In an unprecedented move, the Maharashtra government on Thursday said it had decided to permit a woman cop to undergo a sex change operation and continue in the state police as a 'policeman'.
"Yes, I have requested the Director General of Police (Satish Mathur) to consider her case favourably," Chief Minister Devendra Fadnavis said.
Woman constable Lalita Kumari Salve, 28, had joined the Maharashtra Police in May 2010 and is currently serving in Majalgaon City police station in Beed district.
An official from the Chief Minister's Office said Fadnavis spoke to Mathur late on Wednesday on the woman's application for permission to continue in service after her sex-change operation, which was earlier rejected by the Home Department.
Following the rejection, Salve moved the Bombay High Court on Thursday against the state government.
"I have the support of my parents and other family members," Salve, who has two siblings, told mediapersons on Thursday.
Salve's case has been debated on social media and police circles, with many supporting her desire for a new gender identity and to continue serving in the force.
Officials said the ticklish issue facing the government was the fact that she was selected in the women's quota that specifies certain physical parameters different from those specified for male recruits, especially those pertaining to height and weight.
However, with Fadnavis inclined to support Salve's case, officials are hopeful that police authorities may consider certain concessions in the matter since it was an unusual case with wide ramifications on the issue of gender equality, discrimination and rights of sexual minorities.

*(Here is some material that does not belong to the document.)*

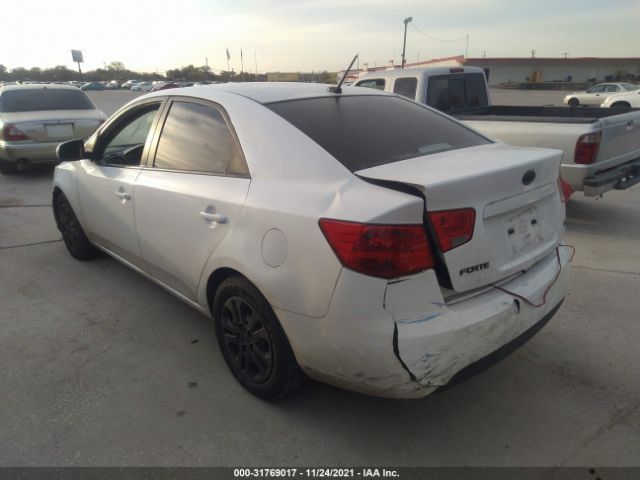 Photo 2 VIN: KNAFU4A26B5437526 - KIA FORTE 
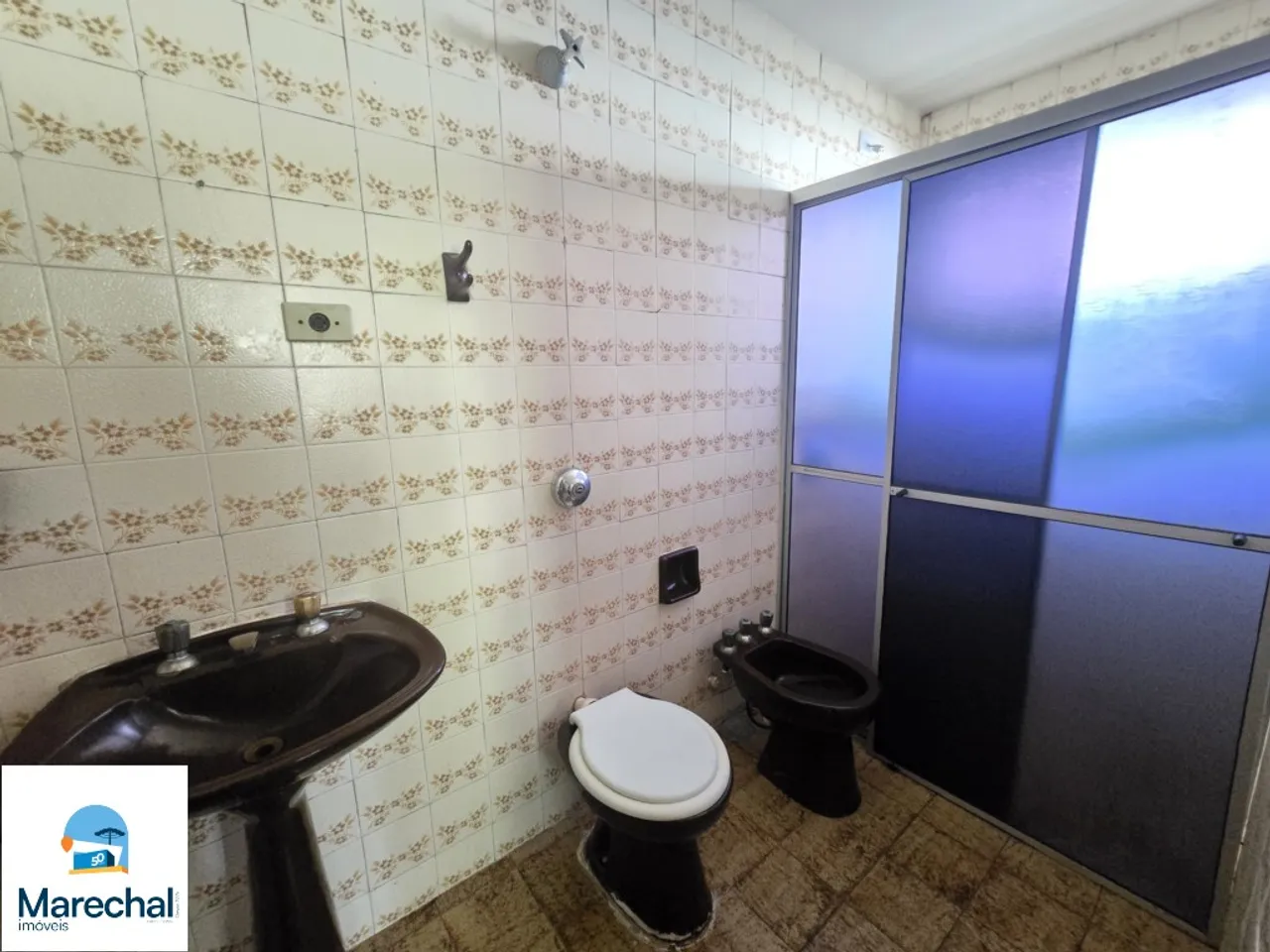 House with 3 bedrooms, 1 en-suite and 4 parking spots — photo 18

Salve, who changed her name to 'Lalit Kumar Salve' last month, moved the Bombay High Court through her lawyer Syed Ejaz Abbas Naqvi, challenging the Beed Superintendent of Police's order of November 20 to reject her leave for sex-reassignment surgery (SRS).
Her application was rejected earlier by DGP Mathur, IGP (Aurangabad Range) Milind Bharambe and Beed Superintendent of Police G. Sreedhar.
In her petition, she said "she was a female and had developed transsexual gender symptoms for the last two-three years.
"... in the absence of due medial care from the state or her department, she/he continued to live under serious mental trauma and social stigma," her petition read.
A literature graduate from the Lokmanya Tilak College in Beed, Salve said she informed her superiors in June 2016 about her agony and sought remedy to her problems but they failed to heed her request.
Salve said when she applied for a month's leave for the SRS in September, the department said her application was 'strange' and was under consideration at the DGP-level.
She contended that instead of giving her permission for the surgery, the government pressurised her through physical and emotional threats, instead of respecting her as a person with gender disability or hormonal imbalances.
Salve pleaded that she should be permitted leave for the SRS, be given a new identity to continue in service as a male police official post-surgery, and reimbursement of all expenses incurred on surgery and her legal fight.